Fatigue failure of a material is always a concern to design engineers because it is difficult to calculate for a given part and therefore presents an unknown risk in the final product. Factors that affect fatigue strength include the material, shape of the part, any defects, corrosion, heat treatment and loading.
Fatigue is defined as “the progressive and localised structural damage of a material subjected to cyclic loading”, but within this definition there are two types of fatigue to consider.
High cycle fatigue.
This is the repeated cyclic loading of a part inside the material’s elastic limit. Typical cycles to failure would be 100,000 or more. A good example is a bicycle spoke which undergoes tensile and compressive loads for each wheel revolution.
Low cycle fatigue.
This describes events which stress a part beyond its elastic limit, causing plastic deformation. The bending of a bicycle fork after an impact could be an example of this and after such an event the remaining strength of the part is reduced.
In the bicycle world components are almost entirely operating in the high cycle fatigue arena under normal riding / loading conditions.
Fatigue performance of a metal sample can be tested in the lab to produce an S-N curve.
S = stress. N=number of cycles. A graph for an aluminium sample is shown below.
Fatigue testing of this type is usually stopped after 1.0xE07 cycles, at which point the lowest point on the graph is used to define the “fatigue limit” or “fatigue strength” of the material. The graph shows how the material can be used under higher stress applications, but only if the cyclic loadings are kept low enough. Point A on the graph shows that the part can withstand a 260Mpa cyclic loading but only for 100 cycles. Point B shows the same part can take 10,000 cycles before failure, but only if the load is kept below 120Mpa.
Interestingly (to me at least) the Steel SN curve will typically reach a point where the curve ceases to decline. This implies an infinite fatigue strength if this loading is not exceeded.
The reality is that any metal will likely fail given unlimited test cycles, but we can still state that by designing a part to operate below the fatigue limit, we will have the best performance from the chosen material. In the graph above using the steel part in an application not exceeding 300Mpa should result is an (almost) infinite life for the component.

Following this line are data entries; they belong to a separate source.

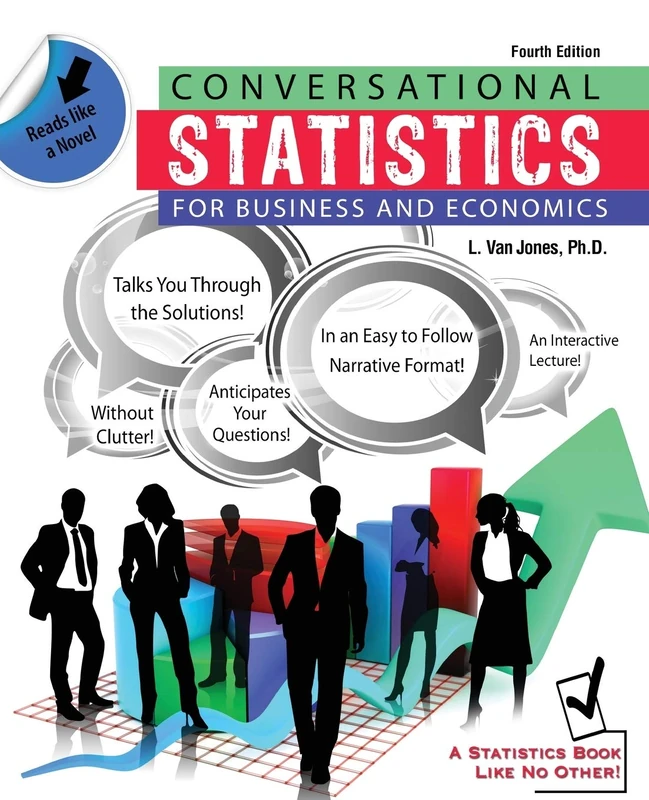 Conversational Statistics for Business and Economics
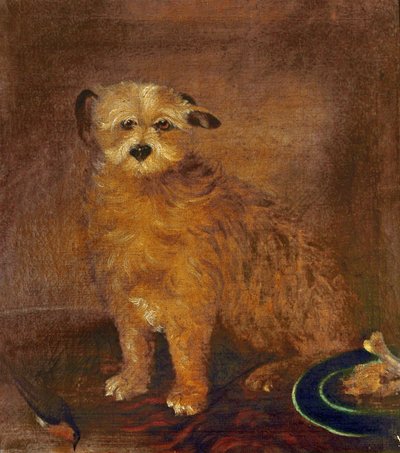 Le chien de Wordsworth, Pepper, c.1806-20 - English School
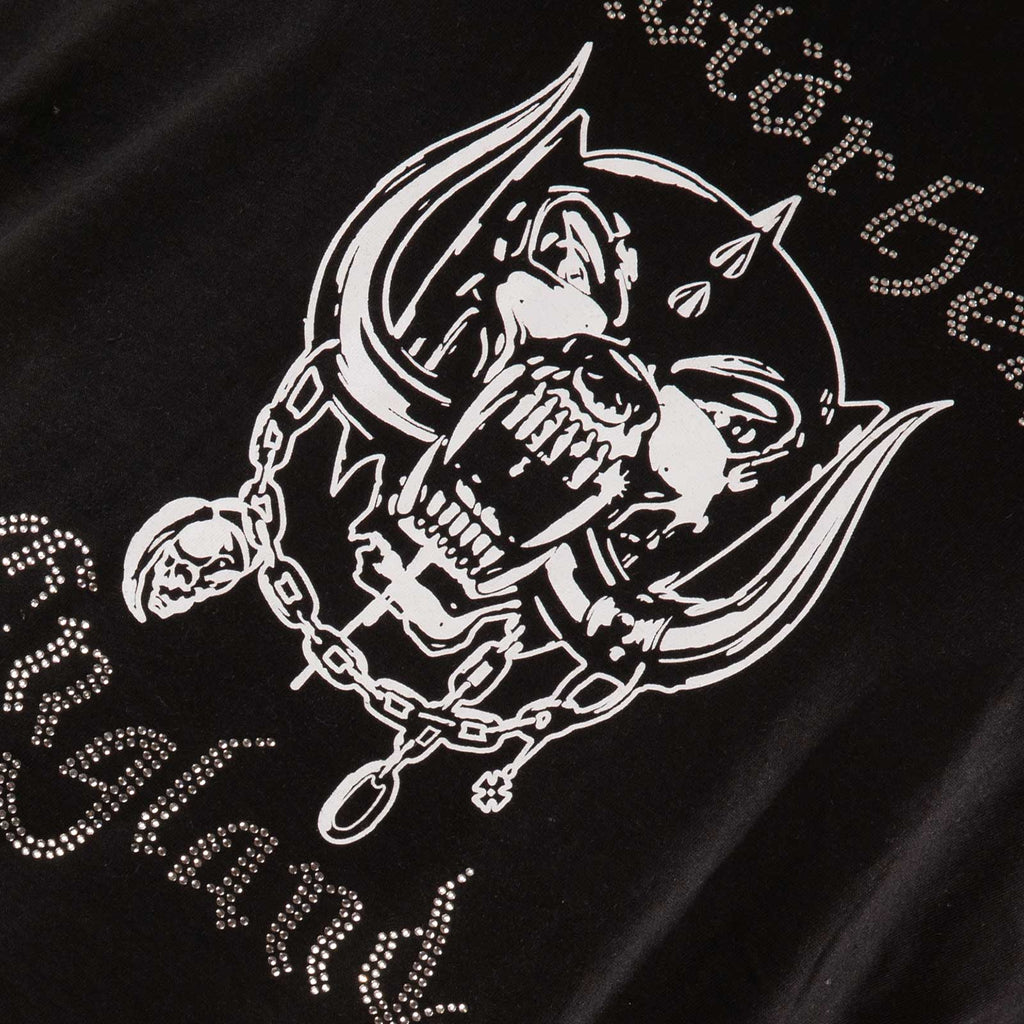 Motorhead England diamante T Shirt product image 3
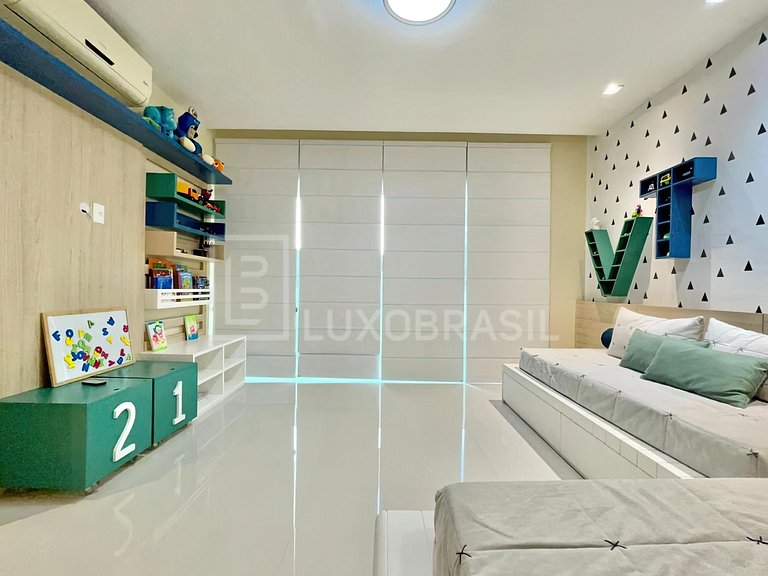LB - RJ940 Casa com 05 Suítes à venda, 780 m² por R$ 8.000.0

This is one of the reasons we favour Steel for the construction of our cargo lugging bikes.
Product design is another area where designers can make a difference to fatigue performance. Sharp corners on parts create stress concentrations. Famously the handsome de Havilland Comet suffered several crashes in 1954 and this was eventually traced to fatigue fractures propagating from the corners of the windows. Today, all passenger jets have oval windows as a consequence.

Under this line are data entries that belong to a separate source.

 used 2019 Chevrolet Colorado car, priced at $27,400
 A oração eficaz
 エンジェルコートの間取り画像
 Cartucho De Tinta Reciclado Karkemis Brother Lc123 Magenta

Finally a rule of thumb to bypass some of this theory. Fatigue strength in a steel part is typically half the ultimate tensile strength. So by specifying materials and designing parts so that they are operating at less than 50% of their tensile strength; we can be confident the part will have robust fatigue performance in service.
Taking of fatigue; this text is likely sending you to sleep, suffice to say we know what Fatigue is here at Rodford and how dangerous it can be, so we take all possible steps to design it out of our products.